Same data, different outcome

2 min read

The usual scheme

The procedure goes like following; we have a court case in front of uns and must decide whether the defendant is guilty or not. There is no certainty for the decision, so we can only make a decision on the basis of the presented evidence. The more evidence speaking against the defendant, the more confident we can consider the defendant to be guilty. Without enough evidence, however, the defendant can be guilty, but does not have to be.

Null-hypothesis test works like that, the further the likelihood of the evidence in the direction of the null-hypothesis' curve’s tail, the more likely we can reject the null-hypothesis.

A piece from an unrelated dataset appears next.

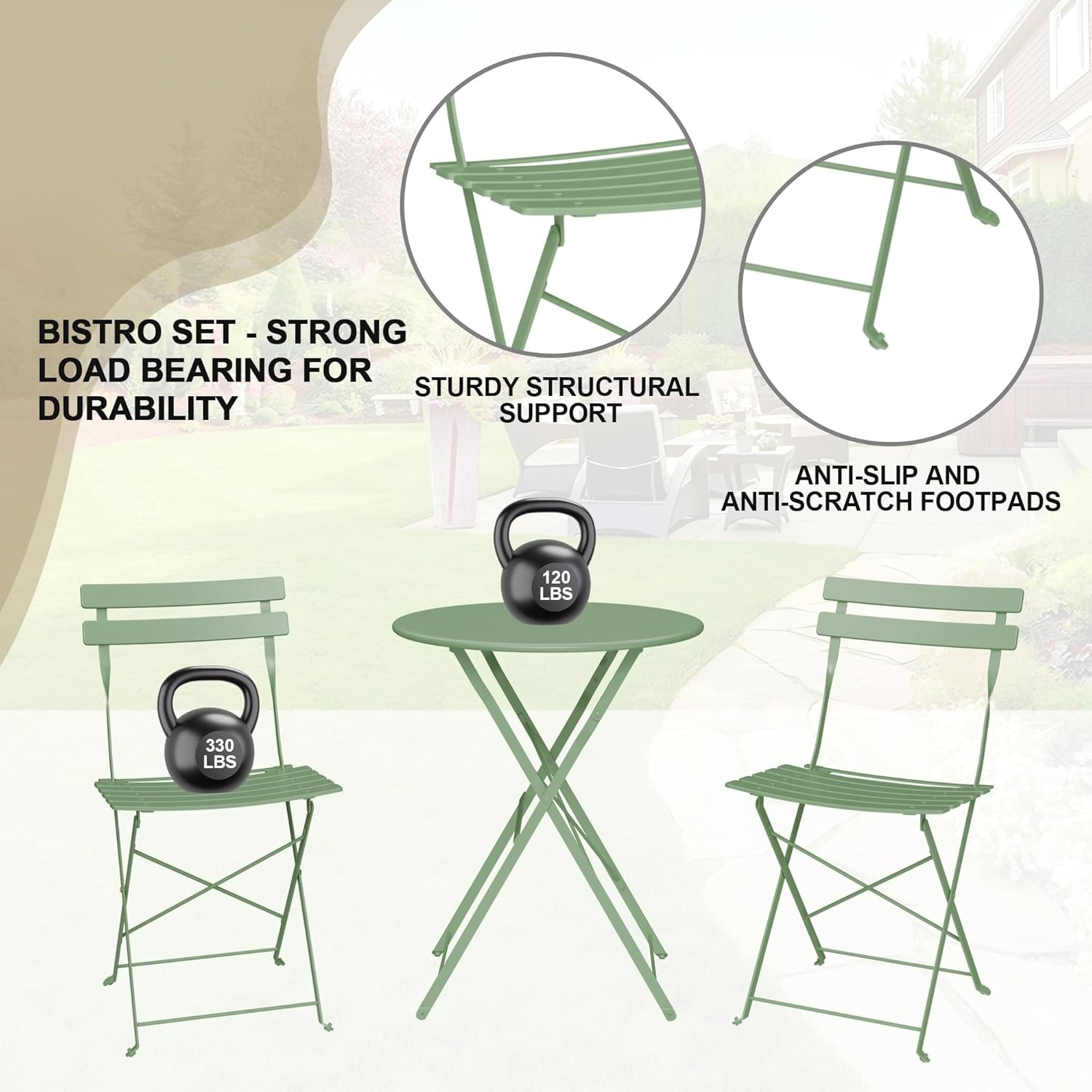 3PCS Folding Bistro Set with Round Garden Table and 2 Chairs for Patio Balcony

The twist of the problem is, depending on how we define the curve, the likelihood can differ to a certain extent where the decision can be totally different.

With a coin

Suppose we have a coin for which we would like to know if the coin is fair or not. For this purpose, we collect evidence by flip it 24 times and obtained 7 heads. Is the coin in this case fair?

The answer is: it depends on how we designed the experiment.

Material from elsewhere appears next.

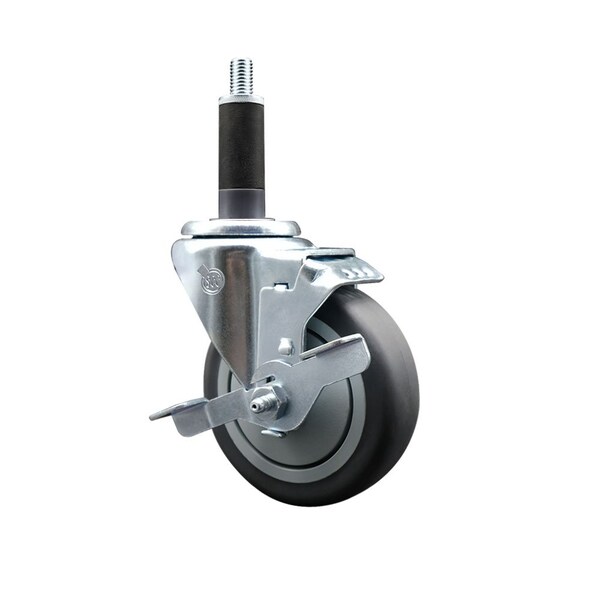 Service Caster 4'' Thermoplastic Rubber Swivel 1'' Expanding Stem Caster with Brake SCC-EX20S414-TPRB-TLB-1 - main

Intention to flip the coin 24 times and see how many heads we obtained

In this case the random variable of interested result is binomial distributed, applying a two-sided binomial test yields an almost significant p-value. Therefore, we can not say anything about the coin at the moment.

>>> scipy.stats.binom_test(k=7, n=24, p=0.5)

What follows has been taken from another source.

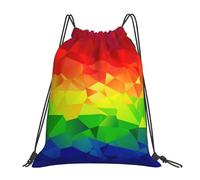 YOFIEN Wasserabweisender Rucksack mit Kordelzug, bunt, Regenbogen-Krawatte, für Damen und Herren, Sport, Fitnessstudio, Sackpack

Intention to flip the coin until we get 7 heads and see how many flips we needed

Since the intention is different, the probability distribution also changed, we now have a negative binomial distribution. This only small change led up to a very big change of the outcome. The p-value is now at whooping 0.01, the coin can certainly not be fair.

>>> 1 - scipy.stats.nbinom.cdf(k=24 - 7, n=7, p=0.5)


Always take p-value with a grain of salt. The p-value of an event depends on the outcome space where the event takes place, changing the outcome space does not change the event, but changes the probability that the event happens.